赵卫国提到的“电子表、计算器”,像一颗种子,在他心里发了芽。这确实是八十年代初最暴利的行当之一。从香港通过各种渠道流入的电子表、计算器、尼龙袜、录音带等“洋货”,在内地是绝对的紧俏品,利润翻几倍甚至十几倍都是常事。但正如赵卫国所说,这条路水深,风险极大,需要过硬的渠道和胆量。
林烨决定试一试。他不是莽夫,深知其中的风险。他需要找到一个可靠的“上线”和安全的交易方式。
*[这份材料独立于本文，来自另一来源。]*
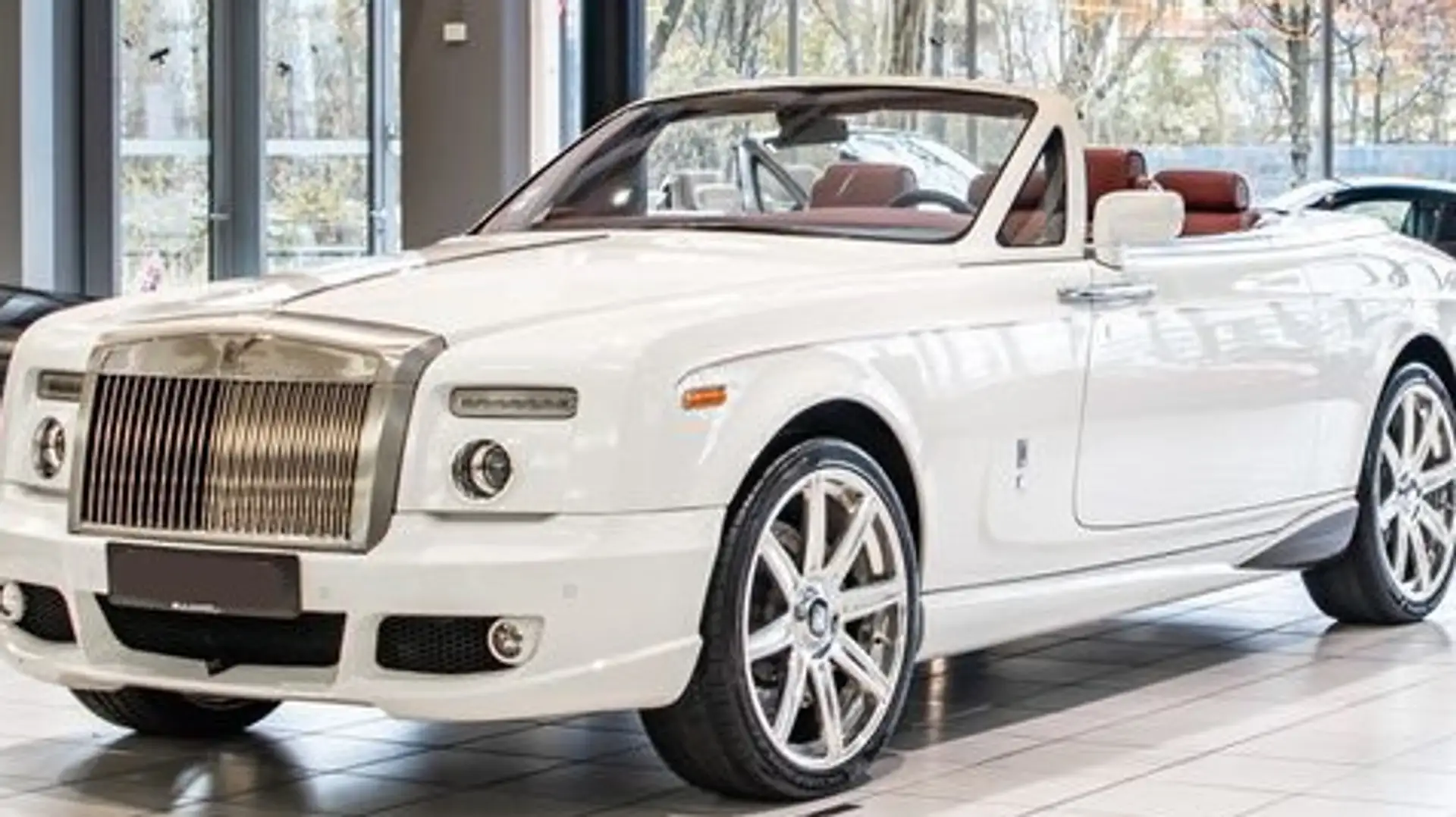 Rolls-Royce Phantom Drophead Coupé Bílá - 1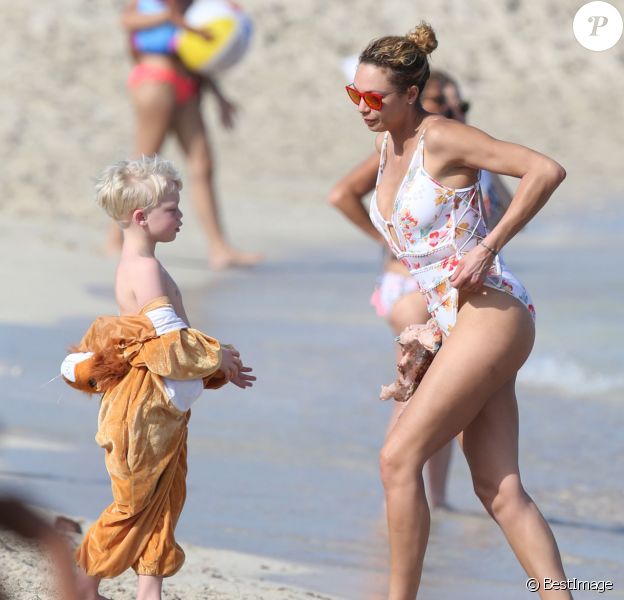 Lilly Becker profite d'une journée à la plage avec son fils Amadeus (déguisé en lion). Miami, le 26 mars 2016.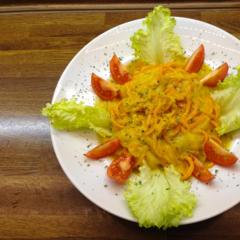 Wortelen - "pasta" met mango - selderij saus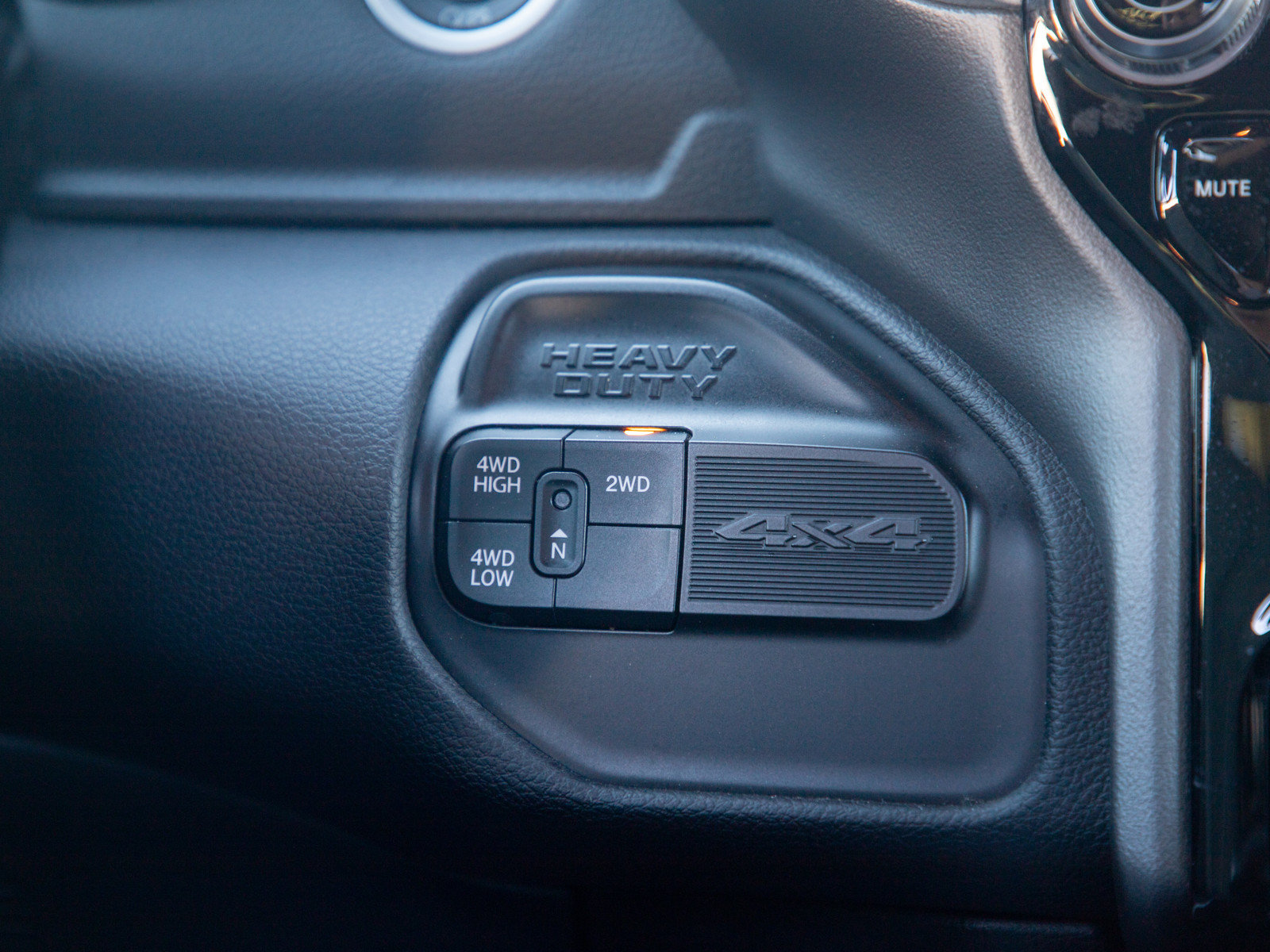 Used 2022 RAM 3500 Big Horn w/ Night Edition AWD/4WD image 21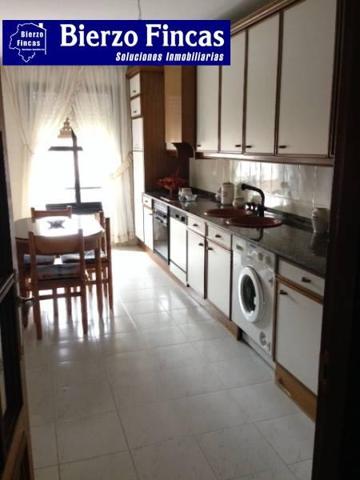 Piso en venta en Ponferrada, Centro photo 0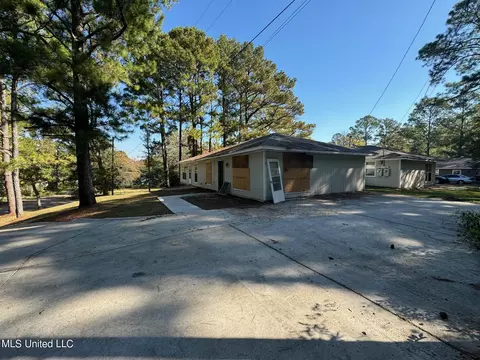 239-241 Lawrence Rd, Jackson, MS 39206 photo 13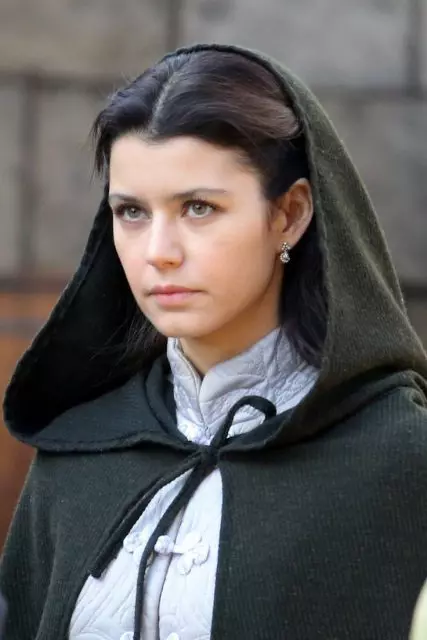 Beren Saat (Pinterest) 02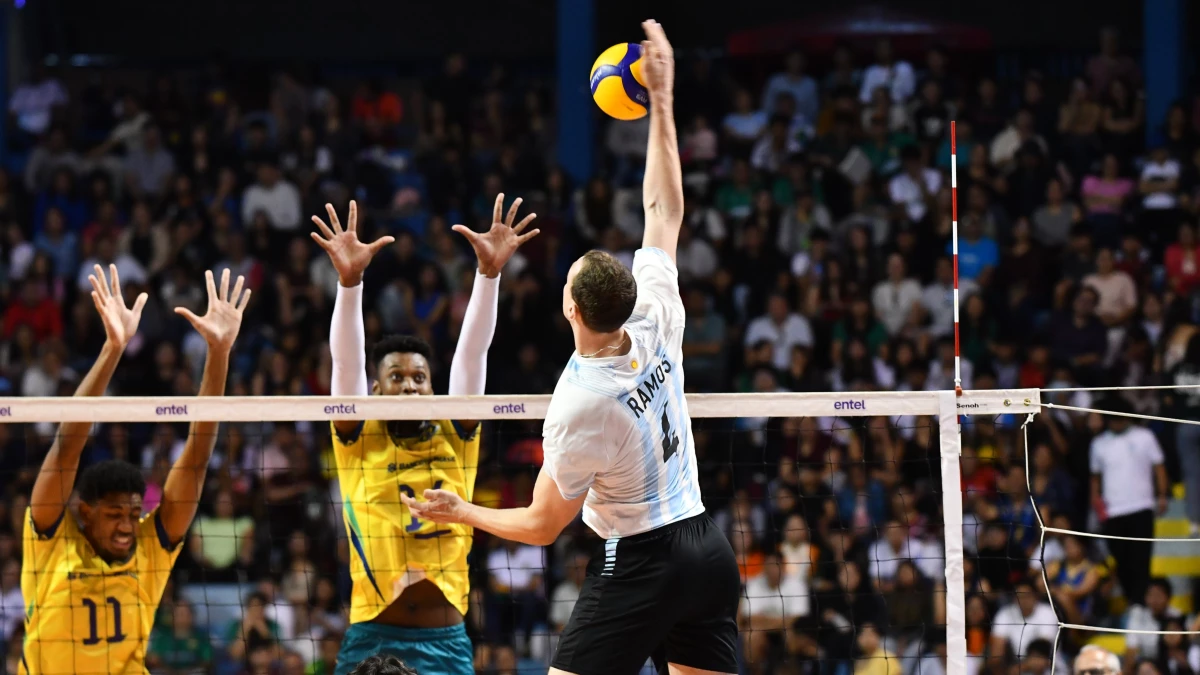 Foto: FEVA. Otra acción de Ramos pegando de opuesto para ser la mejor arma del equipo en la final contra Brasil.&nbsp;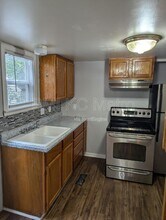 724 S Grand Ave in Independence, MO - Building Photo - Building Photo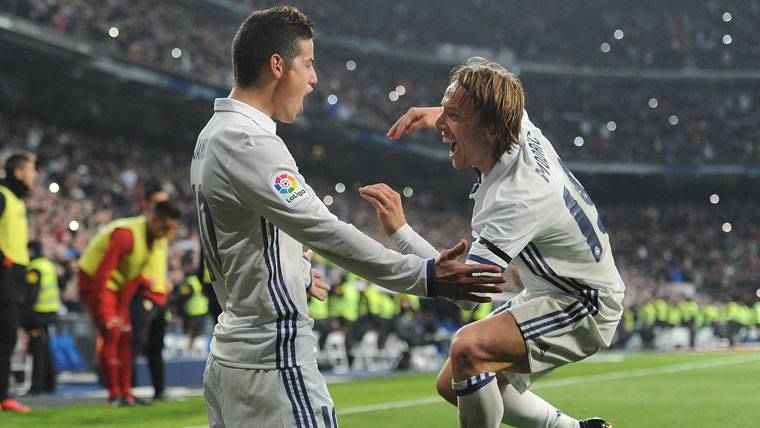 James Rodríguez, autor de dos goles contra el Sevilla en el Bernabéu
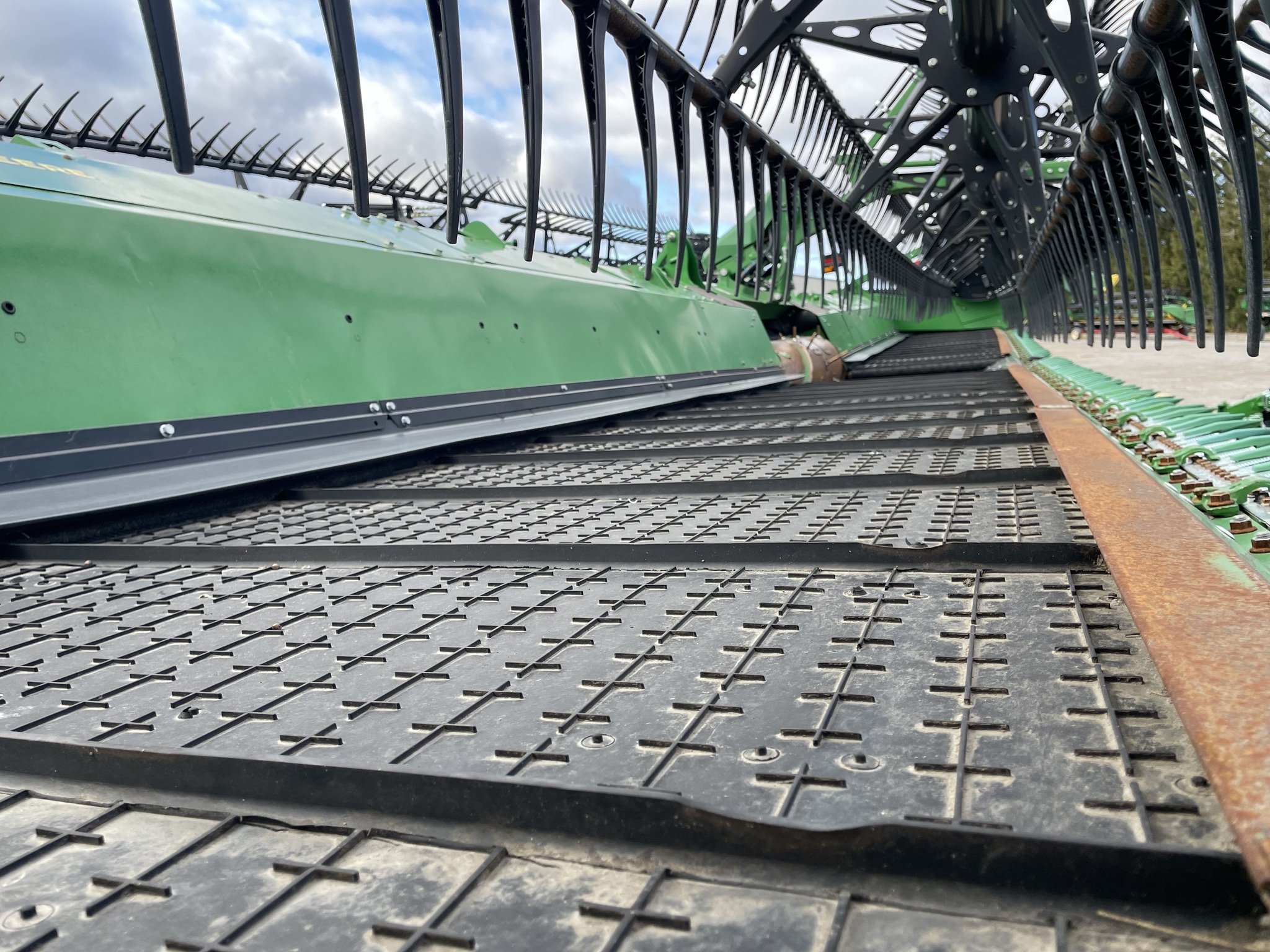 2021 John Deere HD40R Image 8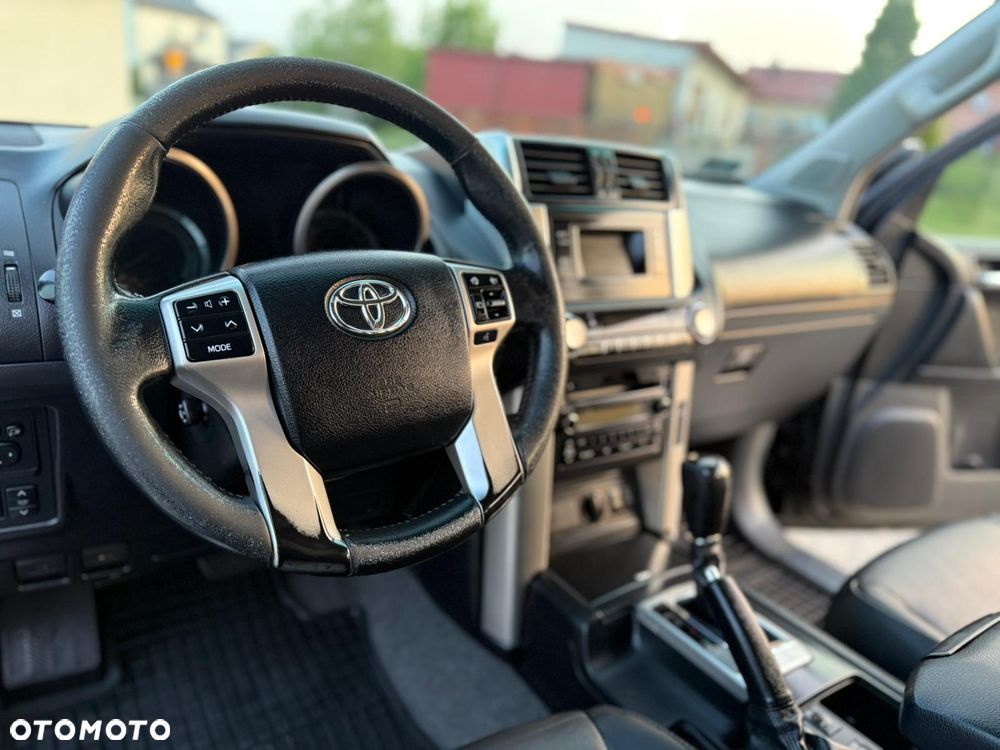 Toyota Land Cruiser - 9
他没有再去找赵卫国,这种事不能把对方牵扯太深。他开始有意识地在深圳最鱼龙混杂的地方转悠——罗湖桥附近的边民集市、东门老街的巷子深处、以及一些晚上才悄悄开张的“地下”交易点。
他穿着普通,操着略带北方口音的普通话,装作对什么都好奇的愣头青,实则暗中观察着那些行色匆匆、眼神警惕的交易者,留意着他们交易的暗号和方式。他很快发现,这些“水客”大多有固定的圈子,对外人极其警惕。
连续几天,他都没有找到突破口。就在他考虑是否要换个思路时,一个偶然的机会出现了。
那天下午,他在东门老街一个偏僻的巷口,看到一个穿着花衬衫、戴着蛤蟆镜的年轻人和一个本地模样的中年男人发生了争执,声音压得很低,但情绪激动。
“……说好的价,怎么能临时变卦?”
“大佬,现在风头紧啊,过关风险大,不加钱没法做啦!”
“你这不是坐地起价吗?”
林烨听力极佳,隐约捕捉到“过关”、“风险”等关键词。他心中一动,放缓脚步,在不远处一个旧书摊前假装翻书,耳朵却竖了起来。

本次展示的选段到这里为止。